*** Opening of Information supplied ***

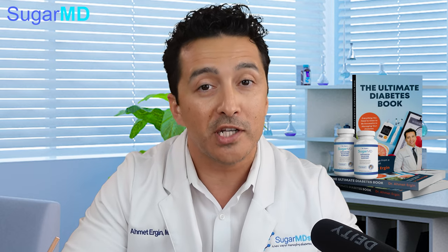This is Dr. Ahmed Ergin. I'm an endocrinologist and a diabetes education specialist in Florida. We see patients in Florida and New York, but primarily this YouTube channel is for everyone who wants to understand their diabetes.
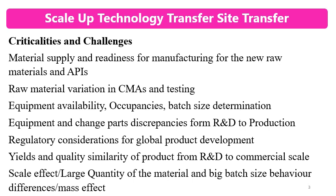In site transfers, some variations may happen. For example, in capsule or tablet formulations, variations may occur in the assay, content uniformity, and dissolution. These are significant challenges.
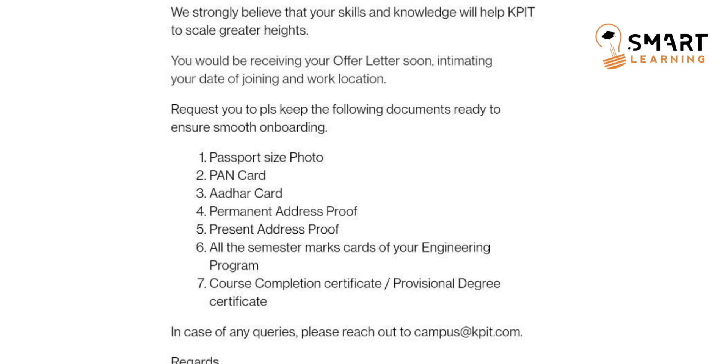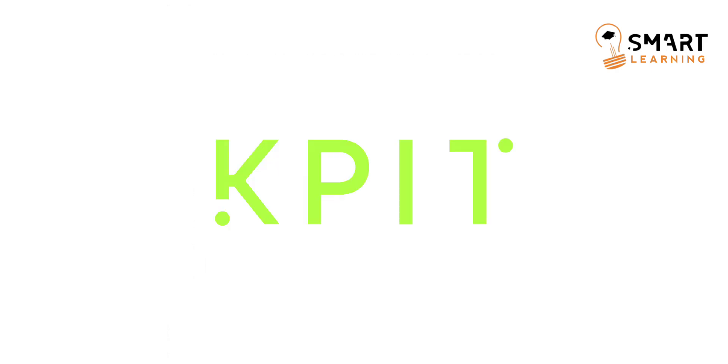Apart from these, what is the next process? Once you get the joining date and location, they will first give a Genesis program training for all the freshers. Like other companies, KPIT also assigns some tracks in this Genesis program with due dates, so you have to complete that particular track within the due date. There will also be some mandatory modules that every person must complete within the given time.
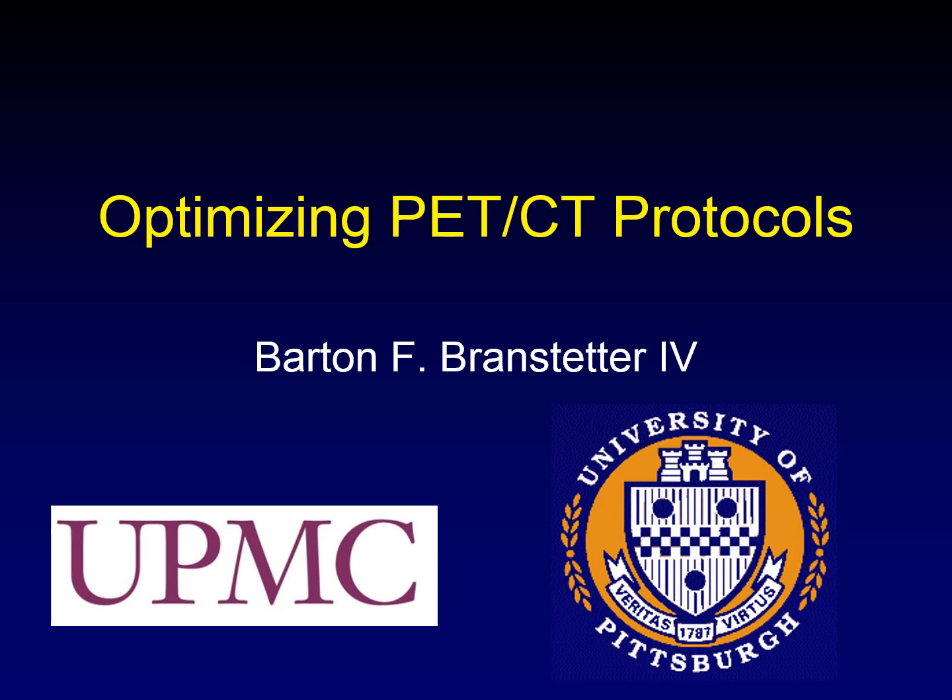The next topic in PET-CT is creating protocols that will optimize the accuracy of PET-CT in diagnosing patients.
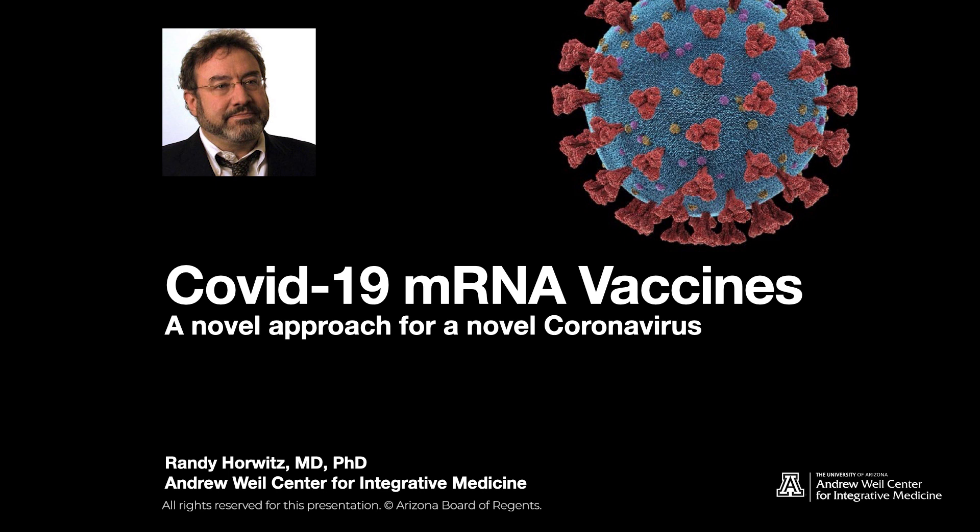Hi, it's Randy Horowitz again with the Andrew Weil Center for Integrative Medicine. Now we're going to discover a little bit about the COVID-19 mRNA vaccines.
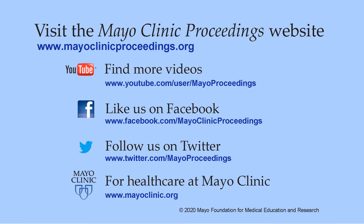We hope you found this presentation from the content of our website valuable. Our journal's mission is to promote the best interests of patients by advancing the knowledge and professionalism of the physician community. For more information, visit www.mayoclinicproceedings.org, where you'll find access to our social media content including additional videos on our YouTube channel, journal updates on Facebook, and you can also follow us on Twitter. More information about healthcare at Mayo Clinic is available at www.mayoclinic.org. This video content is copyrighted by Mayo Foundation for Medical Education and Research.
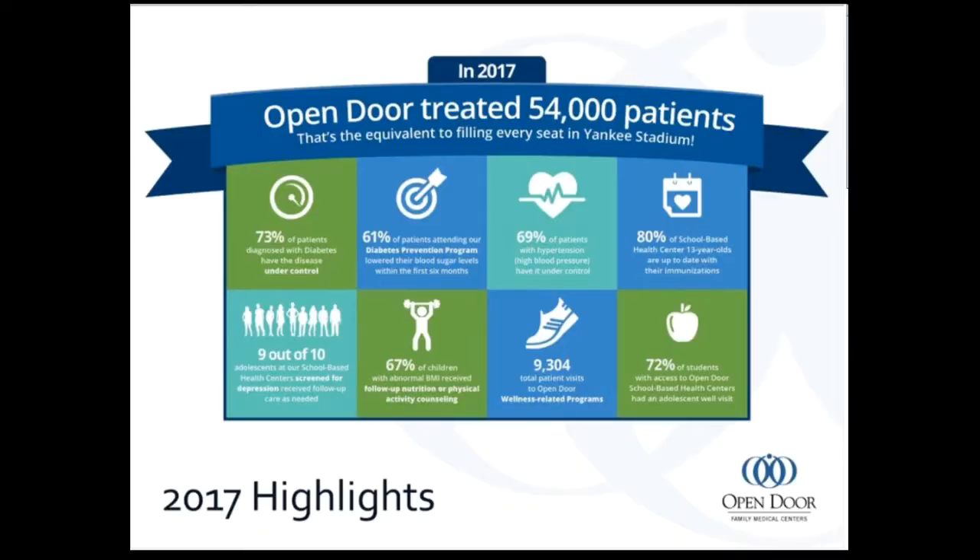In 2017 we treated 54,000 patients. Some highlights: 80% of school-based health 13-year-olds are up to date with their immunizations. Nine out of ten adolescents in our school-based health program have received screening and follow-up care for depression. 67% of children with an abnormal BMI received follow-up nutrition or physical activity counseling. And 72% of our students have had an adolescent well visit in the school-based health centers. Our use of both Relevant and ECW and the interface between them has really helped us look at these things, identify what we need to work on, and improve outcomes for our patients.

*** Close of Information supplied ***

### Task description
From top to bottom, restate the records above exactly and omit every picture.

### Output for this exercise
This is Dr. Ahmed Ergin. I'm an endocrinologist and a diabetes education specialist in Florida. We see patients in Florida and New York, but primarily this YouTube channel is for everyone who wants to understand their diabetes.
In site transfers, some variations may happen. For example, in capsule or tablet formulations, variations may occur in the assay, content uniformity, and dissolution. These are significant challenges.
Apart from these, what is the next process? Once you get the joining date and location, they will first give a Genesis program training for all the freshers. Like other companies, KPIT also assigns some tracks in this Genesis program with due dates, so you have to complete that particular track within the due date. There will also be some mandatory modules that every person must complete within the given time.
The next topic in PET-CT is creating protocols that will optimize the accuracy of PET-CT in diagnosing patients.
Hi, it's Randy Horowitz again with the Andrew Weil Center for Integrative Medicine. Now we're going to discover a little bit about the COVID-19 mRNA vaccines.
We hope you found this presentation from the content of our website valuable. Our journal's mission is to promote the best interests of patients by advancing the knowledge and professionalism of the physician community. For more information, visit www.mayoclinicproceedings.org, where you'll find access to our social media content including additional videos on our YouTube channel, journal updates on Facebook, and you can also follow us on Twitter. More information about healthcare at Mayo Clinic is available at www.mayoclinic.org. This video content is copyrighted by Mayo Foundation for Medical Education and Research.
In 2017 we treated 54,000 patients. Some highlights: 80% of school-based health 13-year-olds are up to date with their immunizations. Nine out of ten adolescents in our school-based health program have received screening and follow-up care for depression. 67% of children with an abnormal BMI received follow-up nutrition or physical activity counseling. And 72% of our students have had an adolescent well visit in the school-based health centers. Our use of both Relevant and ECW and the interface between them has really helped us look at these things, identify what we need to work on, and improve outcomes for our patients.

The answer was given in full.